Not all fringe groups are created equal. Replace the establishment with the one fringe group that correctly anticipated where mainstream macro opinion would end up in December 2012 (i.e. NGDPLT, and “target the forecast”), and did so in late 2008 and early 2009. Replace Ben Bernanke with David Beckworth.
PS. My nightmare scenario is nicely described by a recently commenter named John Brown:
I am an 18 year old college student with a strong interest in economics. With regret, I have to say that, based on what I’ve seen, you are totally correct in your assessment of our generation.
When I talk to other people in my age group about economics, there seem to be two groups. One group sees easy money as the root of all economic problems. These are the Ron Paul supporters who talk about gold all the time. They read Mises on a regular basis and constantly use the world “fallacy” (usually accompanied with something about a broken window).
The other group reads Krugman on a daily basis. In their view, the ultimate problem with our economy is that the government isn’t running large enough deficits and that underregulation of the banking industry was the only major cause of the financial troubles in 2008. On top of this, this group scoffs at the thought that high marginal tax rates, overregulation, and even trade protectionism have any negative effect on long term GDP. According to them, the large tax/transfer systems and tightly regulated labor markets had nothing to do with the relative decline of GDP in Western Europe.

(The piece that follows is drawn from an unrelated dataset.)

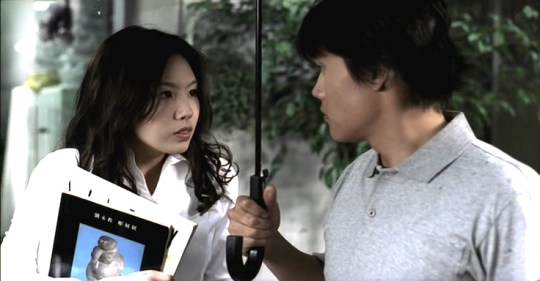 Tae-hee and In-woo meet during a rainstorm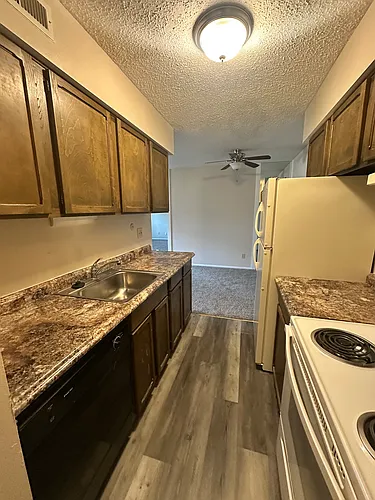 2319 SW Briarwood Plz #104C Photo 1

There are very few, if you will, centre-right or centre-left economists. I would consider myself centre to centre-right, all things considered. I am a staunch believer in free trade and free markets, but I also support NGDP targeting. Like you, Mr. Sumner, I am of the view that we should have the fed boost AD while we continue to partake in pro growth, neoliberal reforms in the rest of our economy.
Unfortunately, if nothing changes, I would predict we will have a generation of economic policy managed by goldbugs who want to abolish the fed (or peg it to gold) and hard left statists who think 90% tax rates are good and free trade is bad.
But perhaps I should be optimistic that there are people like Brown and Soltas and Wang coming along.